**WORK REQUIRED:**
Using the records below, write out again exactly the lines that begin at the line containing "Murray Cod (Maccullochella peeli) Photo" and end at the line containing "Gliukozės svarba žmogaus", and no other lines.

**DATA RECORDS:**

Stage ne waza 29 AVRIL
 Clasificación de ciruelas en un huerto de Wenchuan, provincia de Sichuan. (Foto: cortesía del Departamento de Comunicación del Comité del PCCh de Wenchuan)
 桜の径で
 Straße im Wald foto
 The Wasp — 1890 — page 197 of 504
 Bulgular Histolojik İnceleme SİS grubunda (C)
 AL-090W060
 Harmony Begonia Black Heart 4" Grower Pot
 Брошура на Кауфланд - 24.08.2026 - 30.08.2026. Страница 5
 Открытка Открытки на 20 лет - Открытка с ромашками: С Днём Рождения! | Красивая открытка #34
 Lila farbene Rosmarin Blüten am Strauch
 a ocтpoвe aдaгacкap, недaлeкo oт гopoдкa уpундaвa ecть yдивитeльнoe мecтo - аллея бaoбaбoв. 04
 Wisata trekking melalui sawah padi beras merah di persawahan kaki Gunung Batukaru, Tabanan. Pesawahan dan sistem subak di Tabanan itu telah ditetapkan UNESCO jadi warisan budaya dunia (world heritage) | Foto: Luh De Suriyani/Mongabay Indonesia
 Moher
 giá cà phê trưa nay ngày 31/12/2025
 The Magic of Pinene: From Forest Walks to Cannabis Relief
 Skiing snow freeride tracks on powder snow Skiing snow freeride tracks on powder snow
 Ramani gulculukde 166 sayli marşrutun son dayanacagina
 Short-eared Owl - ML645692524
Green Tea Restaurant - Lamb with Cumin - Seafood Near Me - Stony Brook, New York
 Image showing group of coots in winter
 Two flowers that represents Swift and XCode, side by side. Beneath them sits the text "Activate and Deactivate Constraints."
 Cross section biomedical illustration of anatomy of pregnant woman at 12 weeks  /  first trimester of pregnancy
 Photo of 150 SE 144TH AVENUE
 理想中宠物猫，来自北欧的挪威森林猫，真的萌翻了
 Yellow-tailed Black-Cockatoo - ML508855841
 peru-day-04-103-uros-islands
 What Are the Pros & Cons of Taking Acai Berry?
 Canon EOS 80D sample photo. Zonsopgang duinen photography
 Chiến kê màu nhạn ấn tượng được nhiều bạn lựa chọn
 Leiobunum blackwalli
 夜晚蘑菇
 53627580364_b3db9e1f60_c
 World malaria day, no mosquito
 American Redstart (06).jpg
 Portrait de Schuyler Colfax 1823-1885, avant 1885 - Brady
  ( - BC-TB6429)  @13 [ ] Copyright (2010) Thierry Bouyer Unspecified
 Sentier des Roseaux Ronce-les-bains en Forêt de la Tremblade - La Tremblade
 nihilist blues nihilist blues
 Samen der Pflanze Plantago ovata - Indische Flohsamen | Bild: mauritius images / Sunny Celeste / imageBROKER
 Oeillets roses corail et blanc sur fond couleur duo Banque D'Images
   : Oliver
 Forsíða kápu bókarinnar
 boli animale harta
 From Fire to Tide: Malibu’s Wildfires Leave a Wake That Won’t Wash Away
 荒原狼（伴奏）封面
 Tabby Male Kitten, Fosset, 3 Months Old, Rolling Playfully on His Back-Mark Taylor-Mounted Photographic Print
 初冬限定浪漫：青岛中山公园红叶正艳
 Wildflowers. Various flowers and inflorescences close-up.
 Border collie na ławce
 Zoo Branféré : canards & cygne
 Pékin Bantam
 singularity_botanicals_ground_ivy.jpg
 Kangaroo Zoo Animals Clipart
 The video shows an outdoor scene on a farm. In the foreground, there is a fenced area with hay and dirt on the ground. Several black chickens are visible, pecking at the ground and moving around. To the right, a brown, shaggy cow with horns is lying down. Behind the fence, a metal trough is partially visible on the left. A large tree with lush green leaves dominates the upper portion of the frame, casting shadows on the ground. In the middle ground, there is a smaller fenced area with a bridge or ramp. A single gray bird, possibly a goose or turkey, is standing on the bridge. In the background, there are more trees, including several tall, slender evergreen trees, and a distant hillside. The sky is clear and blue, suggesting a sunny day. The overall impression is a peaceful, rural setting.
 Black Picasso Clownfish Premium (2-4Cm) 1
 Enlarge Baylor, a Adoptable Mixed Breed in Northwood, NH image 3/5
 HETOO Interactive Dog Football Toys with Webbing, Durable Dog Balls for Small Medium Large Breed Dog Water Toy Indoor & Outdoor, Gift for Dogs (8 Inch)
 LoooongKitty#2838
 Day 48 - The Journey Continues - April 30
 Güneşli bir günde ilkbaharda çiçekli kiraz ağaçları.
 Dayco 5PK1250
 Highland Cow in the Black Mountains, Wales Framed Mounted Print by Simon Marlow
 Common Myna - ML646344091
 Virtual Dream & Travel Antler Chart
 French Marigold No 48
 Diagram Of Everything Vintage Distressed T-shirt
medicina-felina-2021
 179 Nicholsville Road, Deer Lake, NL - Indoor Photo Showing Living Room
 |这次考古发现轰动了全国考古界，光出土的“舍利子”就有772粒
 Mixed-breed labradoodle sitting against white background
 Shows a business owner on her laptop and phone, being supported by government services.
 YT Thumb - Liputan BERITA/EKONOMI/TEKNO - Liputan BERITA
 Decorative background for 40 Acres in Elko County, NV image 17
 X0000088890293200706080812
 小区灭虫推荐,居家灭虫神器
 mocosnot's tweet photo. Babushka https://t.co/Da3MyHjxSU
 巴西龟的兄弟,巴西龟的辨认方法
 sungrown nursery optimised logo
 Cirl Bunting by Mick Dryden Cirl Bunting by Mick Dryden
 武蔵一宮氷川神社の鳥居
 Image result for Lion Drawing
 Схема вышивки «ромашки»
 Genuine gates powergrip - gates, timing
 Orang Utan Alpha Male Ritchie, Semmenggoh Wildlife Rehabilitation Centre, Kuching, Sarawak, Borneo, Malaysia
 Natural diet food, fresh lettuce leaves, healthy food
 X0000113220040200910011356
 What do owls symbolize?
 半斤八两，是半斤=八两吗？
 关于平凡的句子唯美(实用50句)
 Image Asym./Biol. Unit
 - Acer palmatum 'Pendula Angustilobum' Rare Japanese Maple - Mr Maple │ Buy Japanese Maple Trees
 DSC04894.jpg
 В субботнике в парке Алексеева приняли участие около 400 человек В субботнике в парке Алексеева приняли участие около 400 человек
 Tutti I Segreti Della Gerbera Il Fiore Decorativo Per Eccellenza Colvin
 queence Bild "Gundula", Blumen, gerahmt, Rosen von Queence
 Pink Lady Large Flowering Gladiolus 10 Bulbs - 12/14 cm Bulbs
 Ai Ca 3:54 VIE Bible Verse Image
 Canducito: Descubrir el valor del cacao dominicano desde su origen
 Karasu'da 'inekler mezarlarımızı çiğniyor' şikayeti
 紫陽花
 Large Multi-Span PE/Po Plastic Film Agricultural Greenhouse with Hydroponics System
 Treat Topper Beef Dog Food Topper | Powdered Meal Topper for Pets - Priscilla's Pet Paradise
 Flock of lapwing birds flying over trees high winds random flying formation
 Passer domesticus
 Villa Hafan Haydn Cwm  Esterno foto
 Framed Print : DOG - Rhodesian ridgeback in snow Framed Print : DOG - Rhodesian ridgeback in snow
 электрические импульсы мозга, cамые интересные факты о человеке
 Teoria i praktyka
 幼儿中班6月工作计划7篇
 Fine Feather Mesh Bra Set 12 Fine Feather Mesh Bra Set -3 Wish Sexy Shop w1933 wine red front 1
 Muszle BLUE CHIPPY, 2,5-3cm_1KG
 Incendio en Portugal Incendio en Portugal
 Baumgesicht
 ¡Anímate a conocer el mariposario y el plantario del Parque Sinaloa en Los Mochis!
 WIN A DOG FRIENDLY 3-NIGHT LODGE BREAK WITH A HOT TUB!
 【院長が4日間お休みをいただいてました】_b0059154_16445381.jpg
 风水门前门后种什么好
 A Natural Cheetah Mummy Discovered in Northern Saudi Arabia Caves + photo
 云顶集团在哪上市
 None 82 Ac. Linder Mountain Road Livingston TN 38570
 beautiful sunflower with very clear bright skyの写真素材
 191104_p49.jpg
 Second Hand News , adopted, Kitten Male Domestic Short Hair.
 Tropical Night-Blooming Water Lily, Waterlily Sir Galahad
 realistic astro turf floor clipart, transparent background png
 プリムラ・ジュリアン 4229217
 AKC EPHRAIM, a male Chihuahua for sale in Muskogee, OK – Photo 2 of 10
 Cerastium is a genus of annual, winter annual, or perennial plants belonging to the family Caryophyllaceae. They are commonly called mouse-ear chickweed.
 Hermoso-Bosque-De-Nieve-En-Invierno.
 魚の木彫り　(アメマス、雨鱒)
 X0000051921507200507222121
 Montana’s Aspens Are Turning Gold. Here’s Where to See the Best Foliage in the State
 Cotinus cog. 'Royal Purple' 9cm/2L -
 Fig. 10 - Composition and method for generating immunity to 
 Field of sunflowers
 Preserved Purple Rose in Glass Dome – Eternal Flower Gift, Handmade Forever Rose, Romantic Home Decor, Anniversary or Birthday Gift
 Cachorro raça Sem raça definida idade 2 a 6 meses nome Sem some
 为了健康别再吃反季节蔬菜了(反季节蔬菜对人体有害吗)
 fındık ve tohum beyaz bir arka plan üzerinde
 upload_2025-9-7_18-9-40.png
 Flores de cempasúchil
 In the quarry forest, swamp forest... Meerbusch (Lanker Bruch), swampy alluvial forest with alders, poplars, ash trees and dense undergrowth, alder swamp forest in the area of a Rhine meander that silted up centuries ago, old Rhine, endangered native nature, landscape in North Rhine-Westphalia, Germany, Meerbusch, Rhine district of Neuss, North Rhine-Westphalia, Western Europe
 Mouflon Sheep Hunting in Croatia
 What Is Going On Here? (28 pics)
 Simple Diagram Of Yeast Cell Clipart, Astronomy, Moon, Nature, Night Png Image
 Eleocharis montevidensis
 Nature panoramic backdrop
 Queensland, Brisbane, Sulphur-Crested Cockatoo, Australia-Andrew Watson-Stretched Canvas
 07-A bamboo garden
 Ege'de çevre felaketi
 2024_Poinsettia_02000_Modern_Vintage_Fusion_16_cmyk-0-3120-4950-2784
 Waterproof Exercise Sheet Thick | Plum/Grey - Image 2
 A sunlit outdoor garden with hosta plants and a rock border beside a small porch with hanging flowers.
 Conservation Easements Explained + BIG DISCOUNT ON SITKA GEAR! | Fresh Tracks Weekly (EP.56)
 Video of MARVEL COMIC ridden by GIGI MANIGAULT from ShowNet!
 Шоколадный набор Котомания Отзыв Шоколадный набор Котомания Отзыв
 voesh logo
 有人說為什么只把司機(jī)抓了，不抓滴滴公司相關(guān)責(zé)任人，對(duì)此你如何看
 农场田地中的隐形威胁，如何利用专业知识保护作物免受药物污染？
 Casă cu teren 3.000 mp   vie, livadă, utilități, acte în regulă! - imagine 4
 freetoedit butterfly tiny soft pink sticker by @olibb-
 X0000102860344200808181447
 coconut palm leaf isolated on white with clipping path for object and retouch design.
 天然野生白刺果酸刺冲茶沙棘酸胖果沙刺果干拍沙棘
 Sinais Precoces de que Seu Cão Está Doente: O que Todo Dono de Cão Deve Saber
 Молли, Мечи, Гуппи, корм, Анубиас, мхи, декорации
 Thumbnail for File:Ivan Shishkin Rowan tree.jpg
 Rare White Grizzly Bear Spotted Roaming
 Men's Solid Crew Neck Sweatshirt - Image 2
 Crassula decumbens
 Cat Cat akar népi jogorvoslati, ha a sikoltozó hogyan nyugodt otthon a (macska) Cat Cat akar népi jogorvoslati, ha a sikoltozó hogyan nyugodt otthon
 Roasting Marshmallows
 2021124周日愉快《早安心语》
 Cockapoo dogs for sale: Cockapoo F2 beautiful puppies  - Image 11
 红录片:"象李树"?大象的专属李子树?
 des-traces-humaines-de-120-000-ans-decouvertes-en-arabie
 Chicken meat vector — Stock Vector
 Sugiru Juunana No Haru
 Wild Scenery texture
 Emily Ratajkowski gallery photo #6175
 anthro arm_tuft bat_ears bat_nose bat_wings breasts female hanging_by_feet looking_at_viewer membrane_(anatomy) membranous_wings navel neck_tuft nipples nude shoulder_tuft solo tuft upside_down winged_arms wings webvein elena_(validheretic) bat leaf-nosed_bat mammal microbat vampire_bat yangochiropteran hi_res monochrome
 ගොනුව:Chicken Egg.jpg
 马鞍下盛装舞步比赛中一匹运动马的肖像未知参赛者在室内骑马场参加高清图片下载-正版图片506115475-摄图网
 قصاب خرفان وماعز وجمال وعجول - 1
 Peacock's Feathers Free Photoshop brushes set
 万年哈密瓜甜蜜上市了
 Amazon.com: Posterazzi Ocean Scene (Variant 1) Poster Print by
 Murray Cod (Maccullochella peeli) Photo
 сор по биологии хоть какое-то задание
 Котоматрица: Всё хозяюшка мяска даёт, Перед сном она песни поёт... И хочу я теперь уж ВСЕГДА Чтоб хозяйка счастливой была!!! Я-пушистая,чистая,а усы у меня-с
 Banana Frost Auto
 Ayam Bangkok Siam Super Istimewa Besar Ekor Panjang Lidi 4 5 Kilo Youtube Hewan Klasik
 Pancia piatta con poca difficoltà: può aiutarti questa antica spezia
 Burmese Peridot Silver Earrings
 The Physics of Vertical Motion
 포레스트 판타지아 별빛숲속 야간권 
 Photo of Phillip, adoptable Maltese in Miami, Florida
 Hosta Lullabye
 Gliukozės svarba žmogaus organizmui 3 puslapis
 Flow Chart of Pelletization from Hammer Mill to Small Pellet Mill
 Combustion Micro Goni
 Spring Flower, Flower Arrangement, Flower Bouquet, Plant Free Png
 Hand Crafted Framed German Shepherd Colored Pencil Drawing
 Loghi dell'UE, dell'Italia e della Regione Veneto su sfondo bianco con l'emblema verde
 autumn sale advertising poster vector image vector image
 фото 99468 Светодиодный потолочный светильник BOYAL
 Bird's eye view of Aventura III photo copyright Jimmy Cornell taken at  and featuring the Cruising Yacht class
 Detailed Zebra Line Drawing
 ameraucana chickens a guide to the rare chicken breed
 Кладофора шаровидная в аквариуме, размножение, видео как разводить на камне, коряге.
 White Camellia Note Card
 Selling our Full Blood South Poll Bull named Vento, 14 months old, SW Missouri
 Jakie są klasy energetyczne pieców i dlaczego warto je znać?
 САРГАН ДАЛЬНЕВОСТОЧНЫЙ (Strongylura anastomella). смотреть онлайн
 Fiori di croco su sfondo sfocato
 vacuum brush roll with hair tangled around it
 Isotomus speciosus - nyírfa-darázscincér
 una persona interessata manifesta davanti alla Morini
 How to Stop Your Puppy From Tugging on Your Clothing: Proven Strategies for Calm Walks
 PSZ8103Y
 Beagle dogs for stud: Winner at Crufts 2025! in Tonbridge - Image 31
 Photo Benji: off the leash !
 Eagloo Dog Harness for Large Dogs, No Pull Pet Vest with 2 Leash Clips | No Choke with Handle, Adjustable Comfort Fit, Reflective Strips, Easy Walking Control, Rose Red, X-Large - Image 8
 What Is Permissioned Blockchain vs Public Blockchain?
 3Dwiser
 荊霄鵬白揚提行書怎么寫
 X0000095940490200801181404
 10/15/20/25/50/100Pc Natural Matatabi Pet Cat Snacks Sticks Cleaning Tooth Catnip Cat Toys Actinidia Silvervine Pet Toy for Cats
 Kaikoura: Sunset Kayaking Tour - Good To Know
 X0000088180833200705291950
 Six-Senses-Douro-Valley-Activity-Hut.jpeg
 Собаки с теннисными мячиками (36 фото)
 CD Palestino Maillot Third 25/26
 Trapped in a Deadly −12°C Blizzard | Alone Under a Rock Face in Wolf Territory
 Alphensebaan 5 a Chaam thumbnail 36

**ANSWER:**
 Murray Cod (Maccullochella peeli) Photo
 сор по биологии хоть какое-то задание
 Котоматрица: Всё хозяюшка мяска даёт, Перед сном она песни поёт... И хочу я теперь уж ВСЕГДА Чтоб хозяйка счастливой была!!! Я-пушистая,чистая,а усы у меня-с
 Banana Frost Auto
 Ayam Bangkok Siam Super Istimewa Besar Ekor Panjang Lidi 4 5 Kilo Youtube Hewan Klasik
 Pancia piatta con poca difficoltà: può aiutarti questa antica spezia
 Burmese Peridot Silver Earrings
 The Physics of Vertical Motion
 포레스트 판타지아 별빛숲속 야간권 
 Photo of Phillip, adoptable Maltese in Miami, Florida
 Hosta Lullabye
 Gliukozės svarba žmogaus organizmui 3 puslapis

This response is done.